Records supplied:
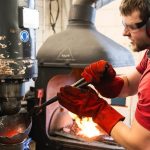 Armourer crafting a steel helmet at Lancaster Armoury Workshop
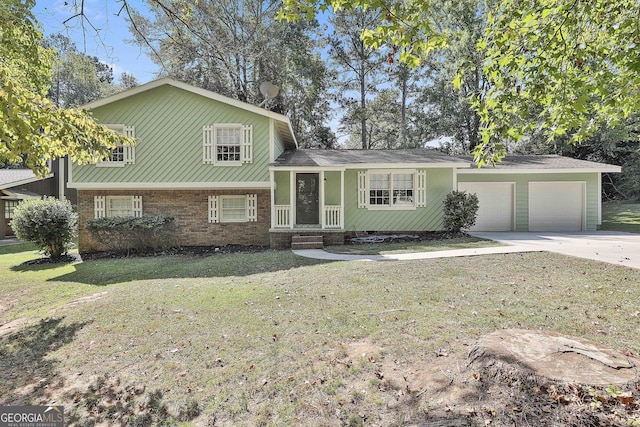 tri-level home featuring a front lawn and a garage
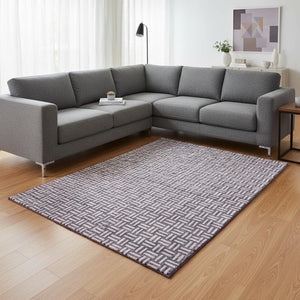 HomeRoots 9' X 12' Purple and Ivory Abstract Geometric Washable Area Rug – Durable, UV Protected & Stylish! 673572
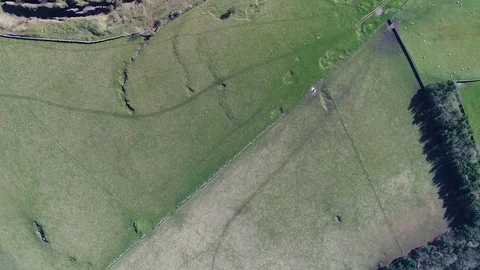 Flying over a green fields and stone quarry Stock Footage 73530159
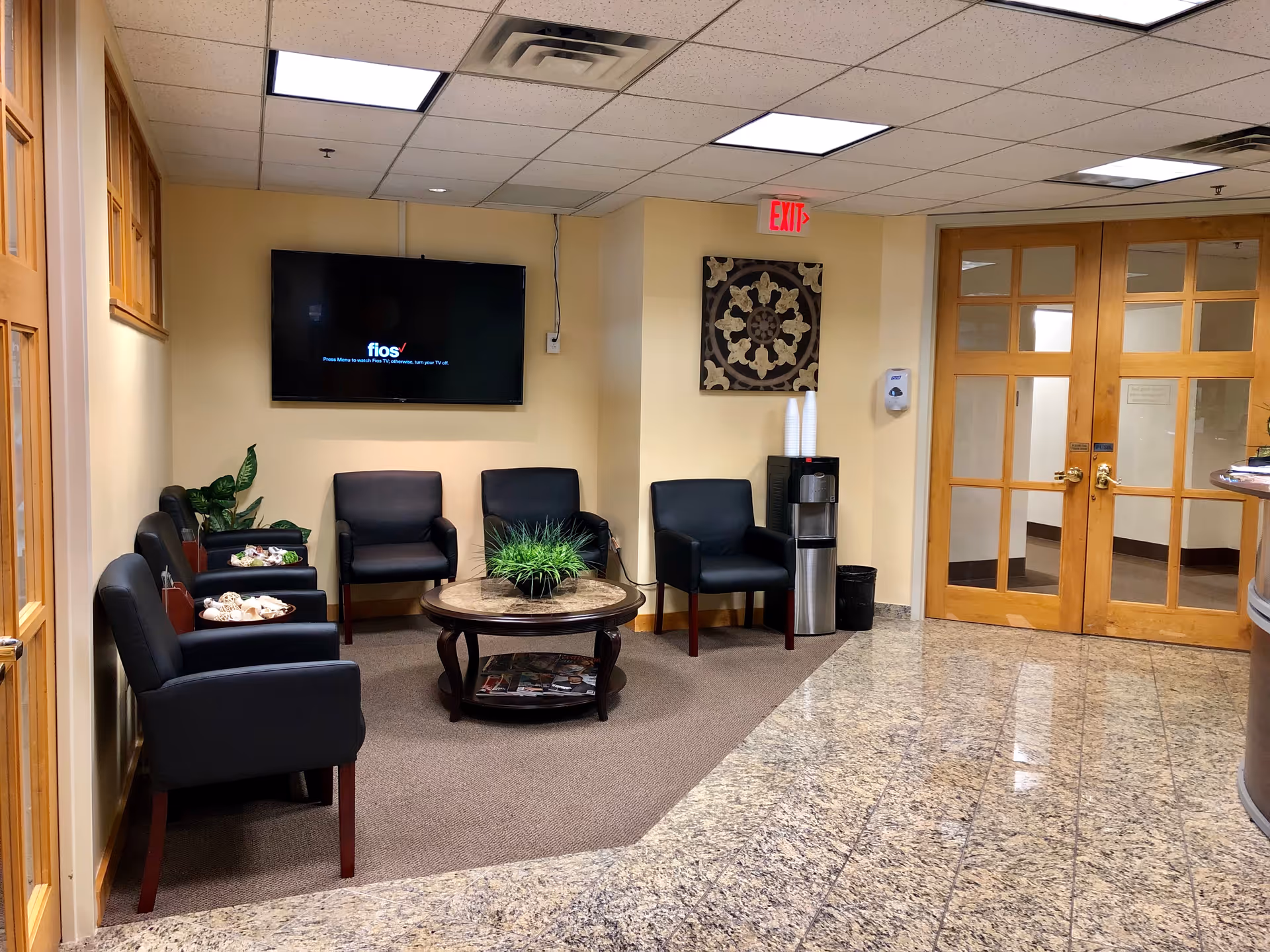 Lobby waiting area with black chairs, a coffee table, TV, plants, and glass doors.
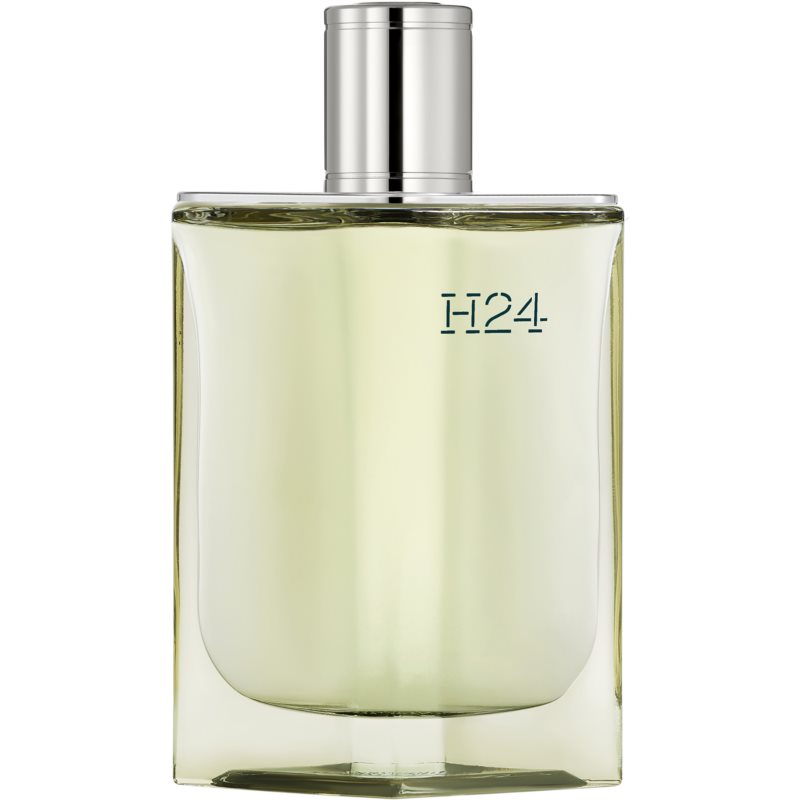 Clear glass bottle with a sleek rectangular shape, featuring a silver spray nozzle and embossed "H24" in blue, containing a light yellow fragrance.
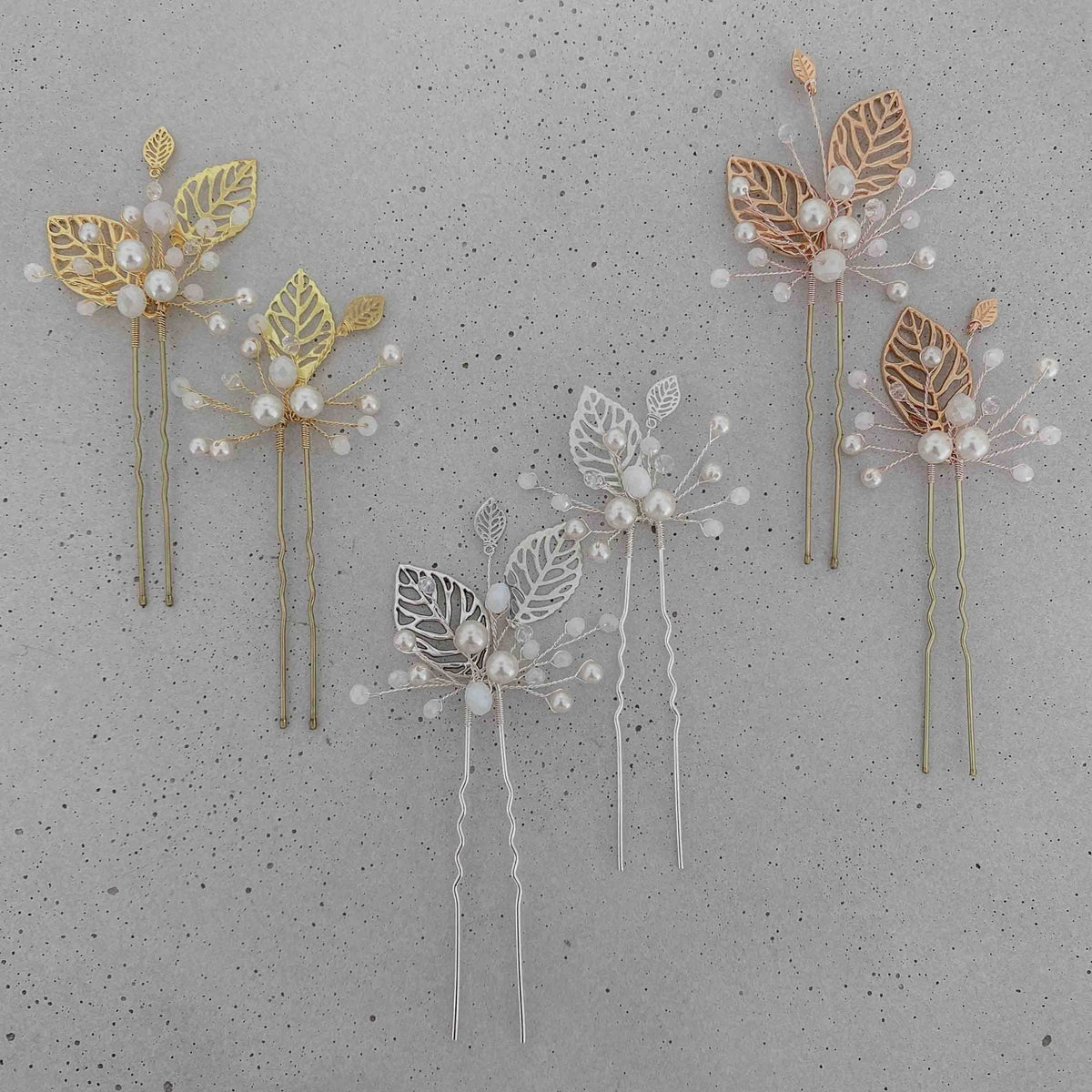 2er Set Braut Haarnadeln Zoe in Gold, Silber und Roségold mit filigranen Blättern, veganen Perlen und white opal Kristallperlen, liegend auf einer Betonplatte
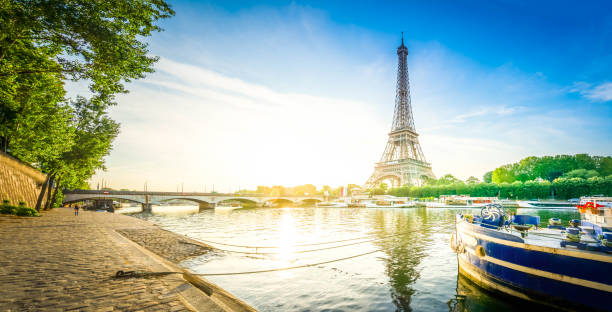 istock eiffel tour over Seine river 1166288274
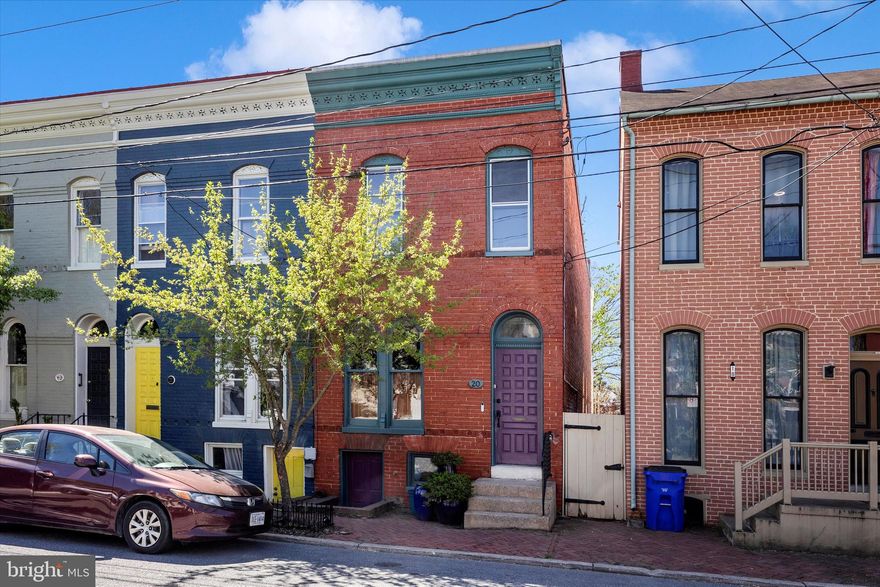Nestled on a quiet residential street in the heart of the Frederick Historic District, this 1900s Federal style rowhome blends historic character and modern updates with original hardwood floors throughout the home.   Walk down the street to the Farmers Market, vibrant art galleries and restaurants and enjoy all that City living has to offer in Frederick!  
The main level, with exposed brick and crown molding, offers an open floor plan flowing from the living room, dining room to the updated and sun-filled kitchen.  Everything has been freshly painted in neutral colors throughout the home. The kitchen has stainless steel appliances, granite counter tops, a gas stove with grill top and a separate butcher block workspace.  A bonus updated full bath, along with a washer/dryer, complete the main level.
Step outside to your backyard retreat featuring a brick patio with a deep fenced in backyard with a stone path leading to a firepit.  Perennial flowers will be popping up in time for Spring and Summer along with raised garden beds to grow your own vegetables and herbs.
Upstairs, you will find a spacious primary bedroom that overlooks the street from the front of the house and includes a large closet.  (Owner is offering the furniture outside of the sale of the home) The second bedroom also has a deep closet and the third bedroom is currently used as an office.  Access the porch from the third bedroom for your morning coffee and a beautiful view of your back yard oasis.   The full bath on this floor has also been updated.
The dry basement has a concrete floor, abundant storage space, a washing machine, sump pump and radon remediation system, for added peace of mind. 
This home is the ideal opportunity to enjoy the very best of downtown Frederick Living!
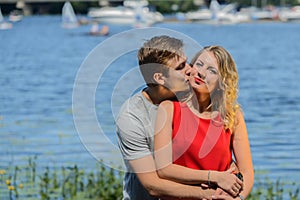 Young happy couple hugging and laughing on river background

What the task requires: All pictures are to be skipped. Output, word for word, the lines in the data above starting at the line containing "Nestled on a" and ending at the line containing "The main level, with".

Exercise response:
Nestled on a quiet residential street in the heart of the Frederick Historic District, this 1900s Federal style rowhome blends historic character and modern updates with original hardwood floors throughout the home.   Walk down the street to the Farmers Market, vibrant art galleries and restaurants and enjoy all that City living has to offer in Frederick!  
The main level, with exposed brick and crown molding, offers an open floor plan flowing from the living room, dining room to the updated and sun-filled kitchen.  Everything has been freshly painted in neutral colors throughout the home. The kitchen has stainless steel appliances, granite counter tops, a gas stove with grill top and a separate butcher block workspace.  A bonus updated full bath, along with a washer/dryer, complete the main level.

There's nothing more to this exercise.